Bespattered Kohl tries to strike back at egg-flinging protesters

May 11, 1991|By Ian Johnson | Ian Johnson,Special to The Sun

HALLE, Germany -- Weeks of political infighting and criticism took their toll yesterday when Chancellor Helmut Kohl lost patience with a group of egg-throwing protesters and tried to punch them.

Mr. Kohl was ducking out the back of the Halle City Hall when about 30 young people began throwing eggs. Instead of running for cover, he pulled away from his security guards and lunged over the gate separating him from the crowd.

Security guards tried to pull him back from the crowd, but he twisted free and grabbed at several of the youths, who taunted him with cries of "Liar, liar."

Eventually the guards won: Mr. Kohl went inside, and the protesters ran away.

Everyone tried to play down the event, but Mr. Kohl was obviously shaken and embarrassed by his outburst, which followed another egg attack last month when he visited eastern Germany.

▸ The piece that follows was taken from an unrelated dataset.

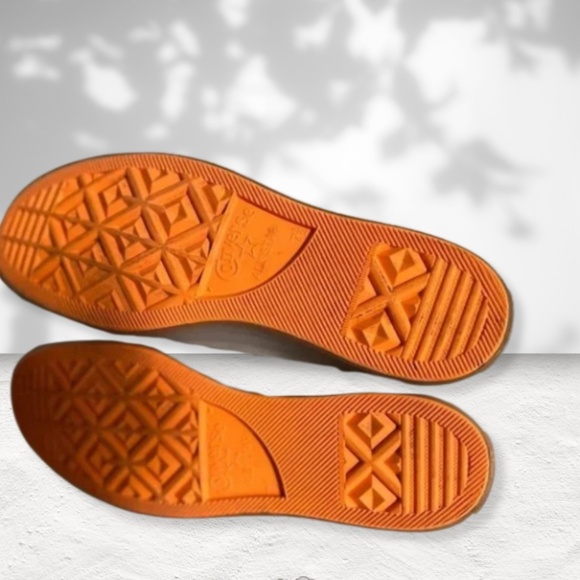 Converse Chuck Taylor All Star 70s Hi Sneakers in White/Iridescent - Picture 3 of 8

The attack symbolized the frustration felt by some eastern Germans. They feel cheated by western politicians who promised them the sky before last year's elections but then went ahead with economic plans that have resulted in mass unemployment.

RF Equally significant was Mr. Kohl's violent rage at the people who

spoiled what would have been a perfectly stage-managed visit to one of the most economically depressed areas of Europe.

The visit was to have been a sign that Mr. Kohl had not after all forgotten the former East Germany, which he had not visited for months after winning the December election. Under pressure to show the flag, he went in April and promised to come over regularly to learn about the region's massive problems first hand.

He started yesterday in Bitterfeld, which is considered Europe's most polluted city because of its chemical factories, and then came to Halle, where the attack occurred. Later he addressed a group of largely sympathetic workers.

"I'm not here to make any promises but to say that this region should remain a major chemical-producing area," he said at the huge Buna chemical works, which developed synthetic rubber for Nazi Germany's war machine but now is unprofitable and almost bankrupt, with 10,000 of its 18,000 employees heading for the unemployment line.

Already, however, the equivalent of $300 million has been invested in the 2,500-acre works, which Mr. Kohl said would be part of a major chemical-producing region around Halle that would rival anything in western Germany.

Most workers were happy that Mr. Kohl was visiting the site and had little sympathy for the demonstrators.

"The SED [Communist Party] bigwigs never visited the areas once. At least he has the courage to come. Let him have a look," said Dirk Gurezka, a welder who has 35 years' experience at the Buna works.

Despite this largely supportive atmosphere, Mr. Kohl was extremely tense during the visit, and several aides said they wanted the trip to be a much-needed success after weeks of political infighting.

Up until an agreement earlier this week with his coalition partners, Mr. Kohl has been having to stave off internal bickering from the partners, who sense his political vulnerability and are trying to distance themselves from his party.

In the end, Mr. Kohl put a brave face on the visit: "It was a success. A few mobile troublemakers were not representative of Halle," he said.